Ed ecco allora che dallo scorso anno si sentono voci, prima timide poi sempre più esplicite, che segnalano come anche le armi – o meglio «il settore della difesa» – può essere considerato un investimento sostenibile. Si fanno strada slogan come «non c’è sostenibilità senza sicurezza». Si segnala come prendendo alla lettera definizioni e normative europee di finanza sostenibile non ci sia alcun divieto esplicito ad includere le armi.
Un salto di qualità avviene con la pubblicazione del Rapporto Draghi sul futuro della competitività europea, dove si legge che «l’accesso ai finanziamenti [per la difesa] è spesso ostacolato dall’interpretazione data dalle istituzioni finanziarie ai quadri di riferimento dell’Ue per la finanza sostenibile e ai quadri di riferimento ambientali, sociali e di governance (Esg)».

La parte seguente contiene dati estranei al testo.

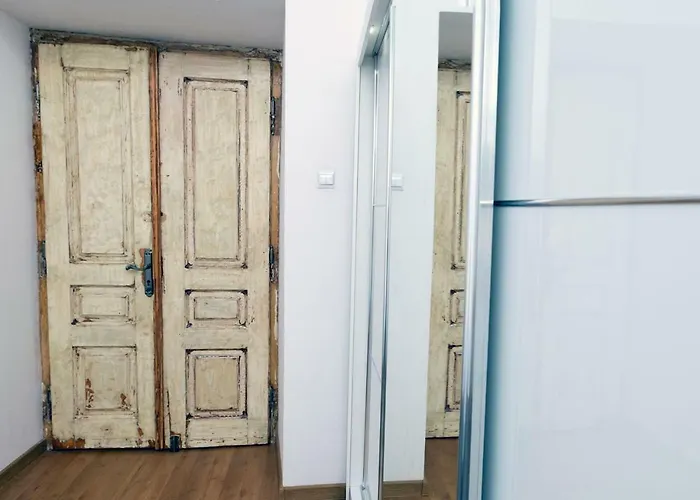 - Old Town - Cyrulicza *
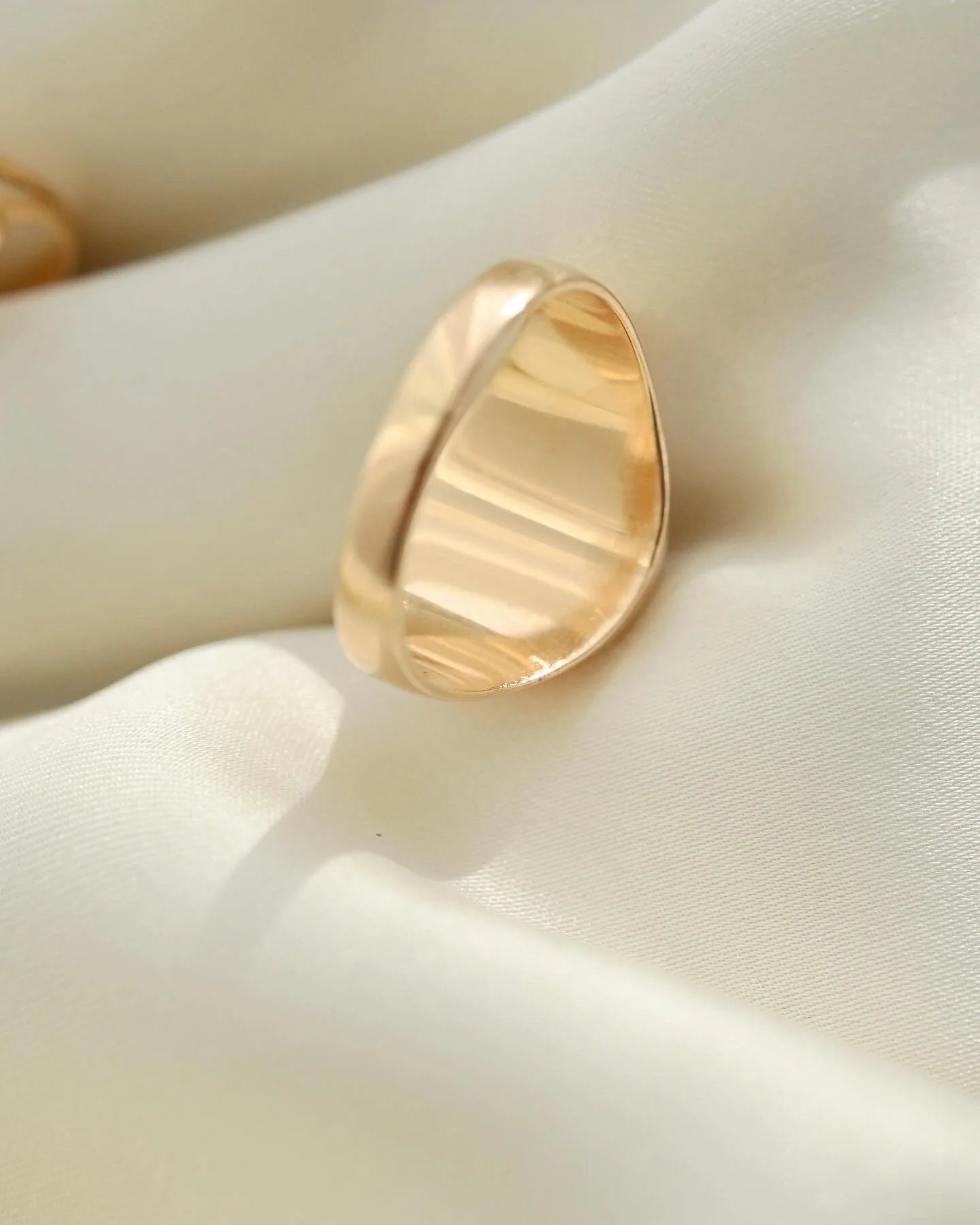 Amazing Heavy Signet Ring 18K Gold 1975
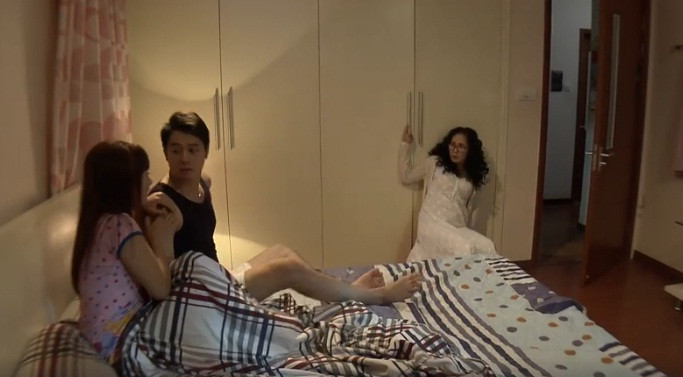 Mẹ chồng đẩy cửa bước vào đúng lúc cao trào khiến cặp vợ chồng ngượng chín mặt. Ảnh minh họa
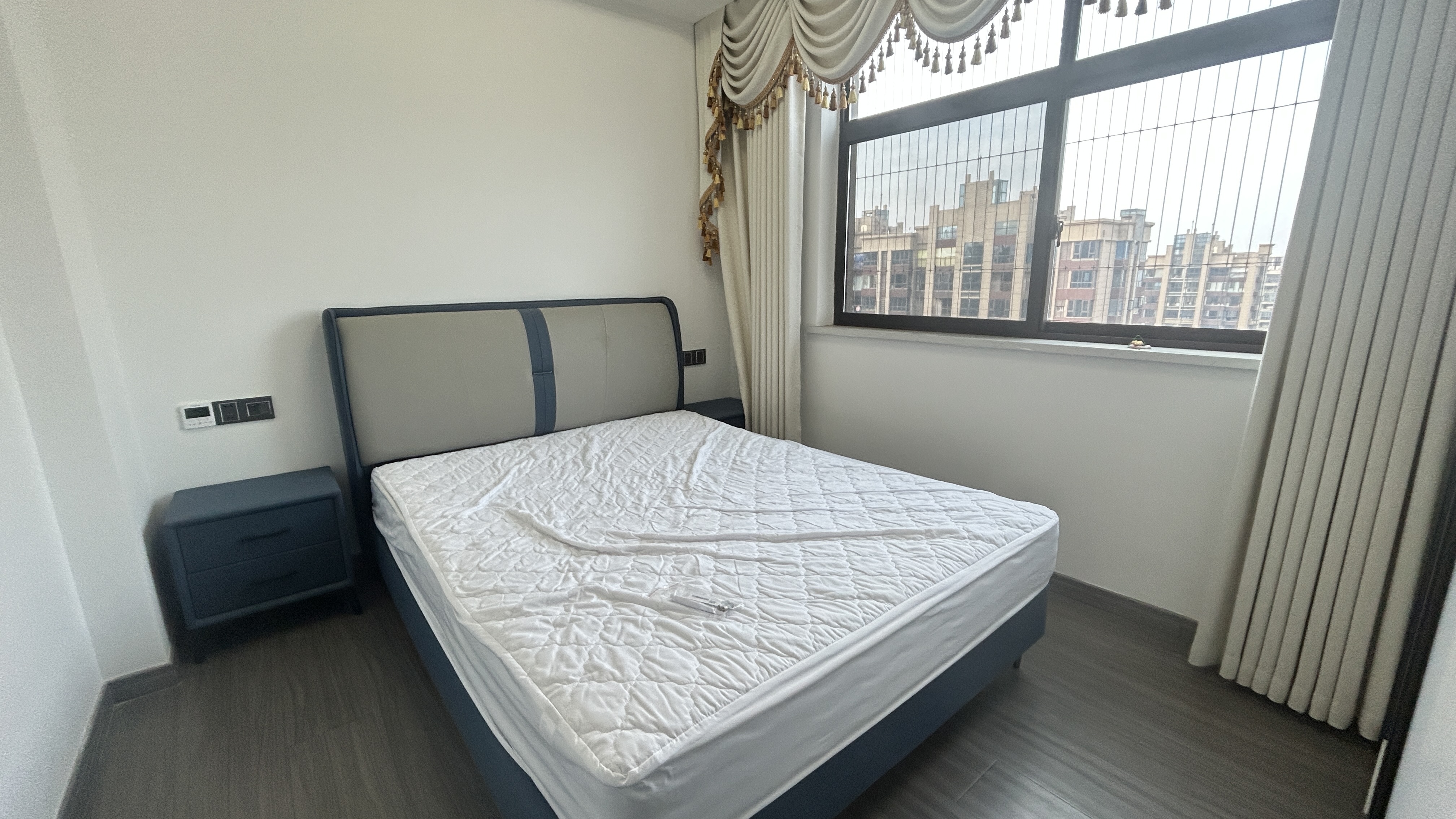 铂金汉宫 3室1厅2卫 2500.0元/月 铂金汉宫 3室1厅2卫 2500.0元/月室内图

La sostenibilità diventa “un ostacolo”
Forse occorre fermarsi solo un attimo. Sono oltre due secoli che la definizione di finanza sostenibile si fonda sull’esclusione dell’industria delle armi. Già nel XVIII secolo alcuni fondi religiosi negli Stati Uniti decidono di non investire nelle «azioni del peccato». Tra i primi, la comunità protestante dei quaccheri che esclude in particolare due settori: le industrie implicate nella tratta degli schiavi e quelle legate alla guerra. Ovvero l’industria delle armi. Una posizione ribadita con forza dalle principali reti di banche che fondano il proprio operato sulla sostenibilità, come la Federazione europea delle banche etiche e alternative (Febea) o la rete internazionale Global alliance for banking on values (Gabv).
È sempre stato cosi, da duecento anni a questa parte. Fino a ieri. Da oggi, anche un fondo che investe in armi può essere sostenibile. Attenzione non parliamo di un fondo che investe in una pluralità di settori e marginalmente in armi, ma centrato esclusivamente su investimenti in imprese del settore della difesa.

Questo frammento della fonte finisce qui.